_Work to be completed_
Find "Villa | Alberca | Alberca al aire libre" below and begin at its line; stop after the line with "Bruchandi Nightstand". Output those lines exactly, without pictures.

#### Source data ####

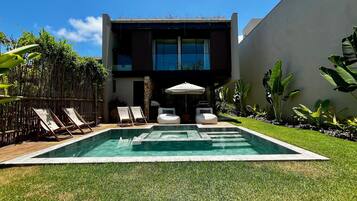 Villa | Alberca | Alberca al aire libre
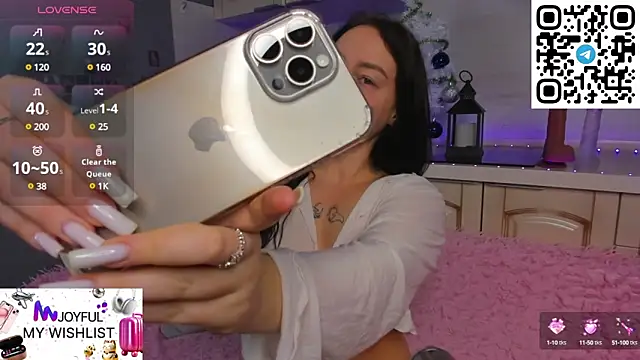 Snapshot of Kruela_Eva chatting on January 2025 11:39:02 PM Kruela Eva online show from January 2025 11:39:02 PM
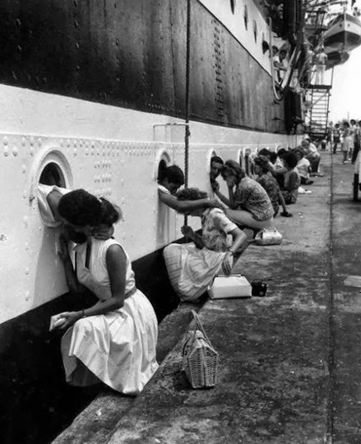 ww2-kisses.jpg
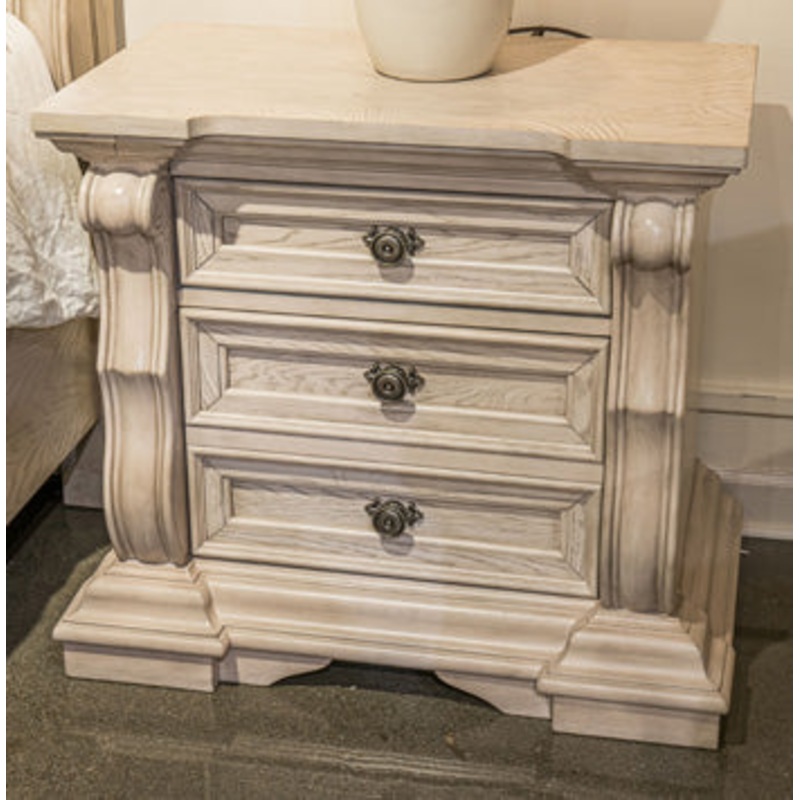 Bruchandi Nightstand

####
#### Source data ####

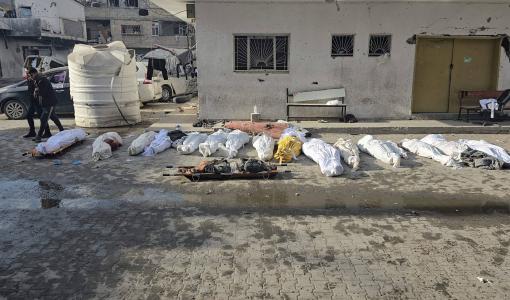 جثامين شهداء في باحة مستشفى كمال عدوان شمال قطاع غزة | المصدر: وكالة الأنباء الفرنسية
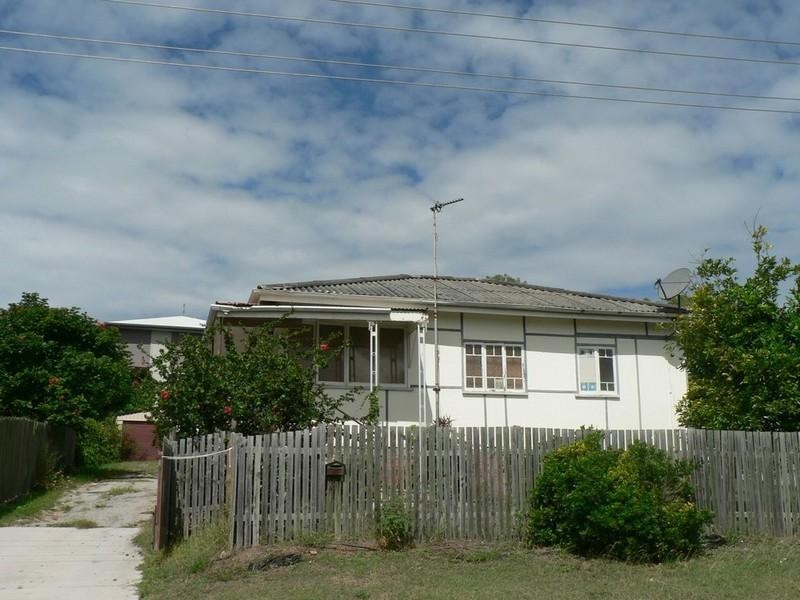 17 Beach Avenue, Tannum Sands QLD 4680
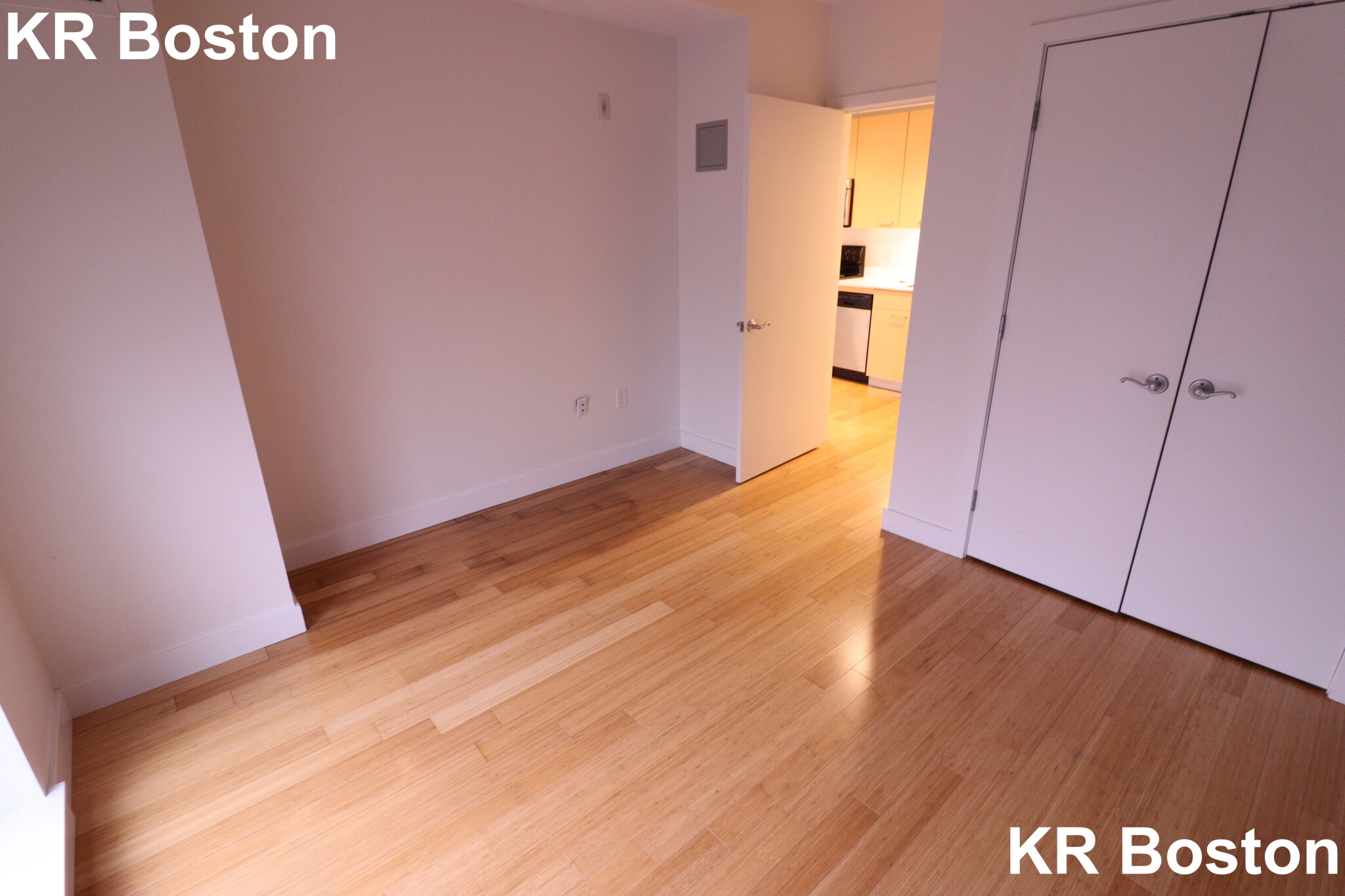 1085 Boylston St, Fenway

####
#### Source data ####

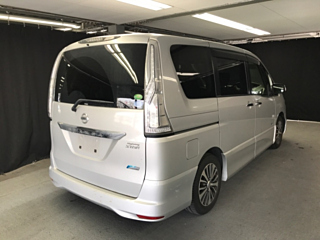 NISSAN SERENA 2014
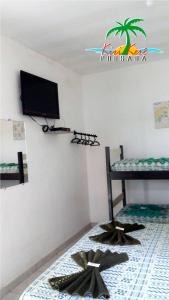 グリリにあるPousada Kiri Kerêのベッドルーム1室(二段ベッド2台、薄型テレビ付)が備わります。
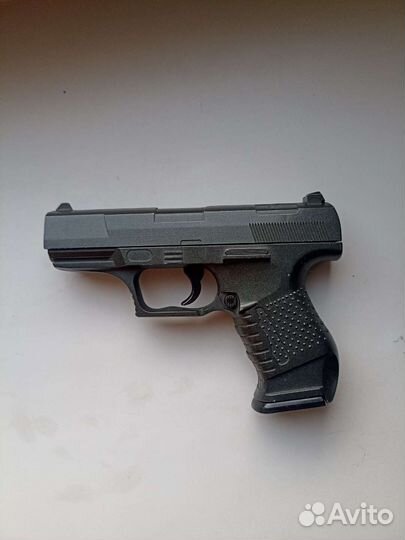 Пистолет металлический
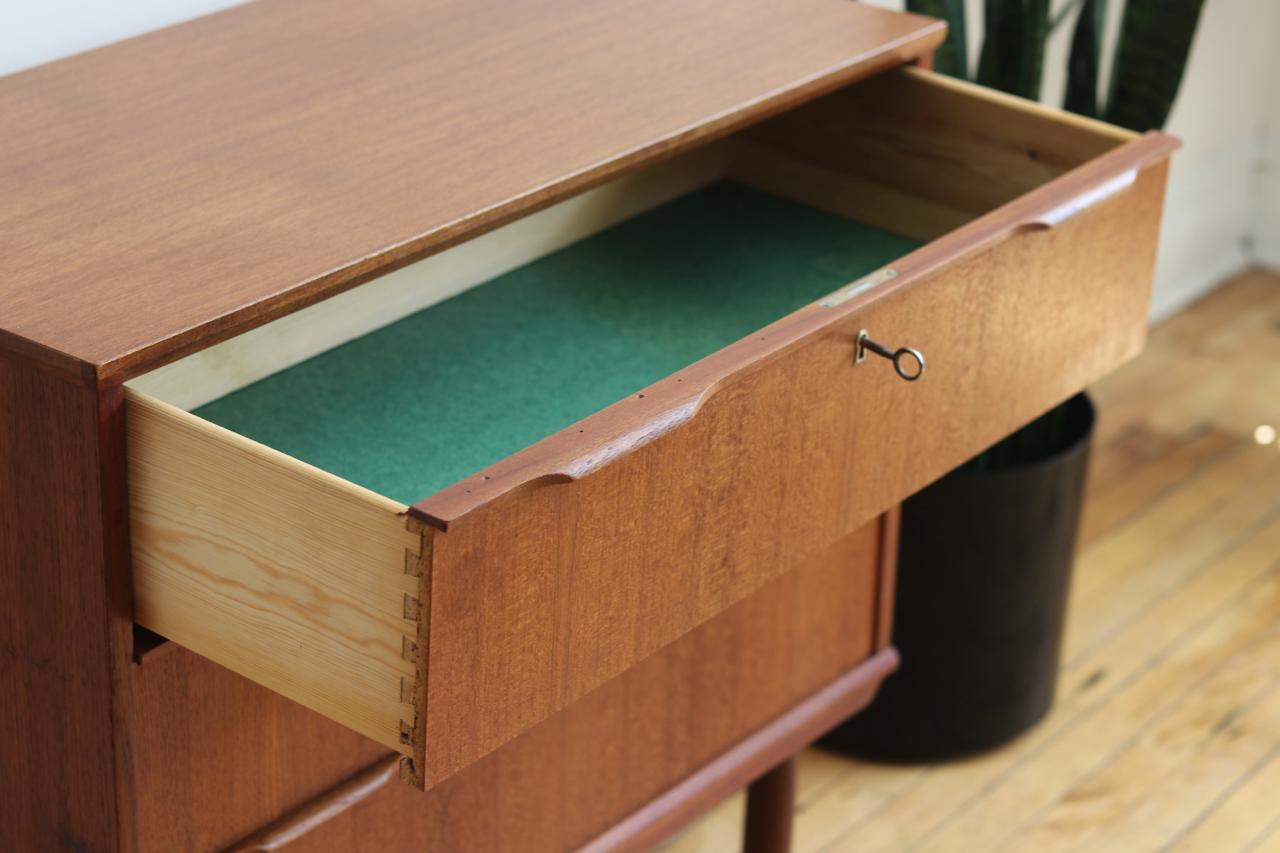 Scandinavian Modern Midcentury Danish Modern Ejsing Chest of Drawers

####

_Written response_
 Villa | Alberca | Alberca al aire libre
 Snapshot of Kruela_Eva chatting on January 2025 11:39:02 PM Kruela Eva online show from January 2025 11:39:02 PM
 ww2-kisses.jpg
 Bruchandi Nightstand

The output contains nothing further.